22 décembre 2018 à 16 04 58 125812

L’atelier sous régional organisé à Lola s’est achevé dans la soirée d’hier, vendredi, 21 décembre 2018. Il a réuni 66 participants venus de la Guinée et de la Côte d’Ivoire qui ont planché pendant deux jours (jeudi et vendredi) sur la préservation des forêts classées situées le long de la frontière entre les deux pays. La rencontre a débouché sur plusieurs recommandations visant à améliorer la gestion transfrontalière des réserves de Déré, du Mont Nimba et de Thiapleu, rapporte le correspondant de Guineematin.com à Lola.

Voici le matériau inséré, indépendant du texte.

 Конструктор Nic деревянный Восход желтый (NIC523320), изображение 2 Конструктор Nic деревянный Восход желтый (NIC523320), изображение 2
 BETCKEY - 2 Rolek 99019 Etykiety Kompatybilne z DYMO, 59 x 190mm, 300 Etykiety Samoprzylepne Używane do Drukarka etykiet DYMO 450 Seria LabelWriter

C’est suite à l’occupation anarchique des forêts classées situées le long de la frontière guinéenne et la dégradation poussée de ces réserves, que la direction régionale de l’environnement de N’zérékoré a organisé cette rencontre de concertation à Lola. De nombreux techniciens du monde environnemental se sont retrouvés pour plancher deux jours sur les voies et moyens à mettre en œuvre pour préserver ces forêts. Ils ont élaboré à cet effet, plusieurs recommandations, dont :

Des opérations de déguerpissement ; la matérialisation des limites des forêts concernées et la sensibilisation des populations riveraines ; la relance des rencontres tripartites durables du Mont Nimba ; la redynamisation des comités de pilotage tripartite sur l’accord-cadre sur la conservation durable du mont Nimba ; l’implication des services de sécurité et des forces de défense des différents pays concernés dans le cadre de la concertation tripartite.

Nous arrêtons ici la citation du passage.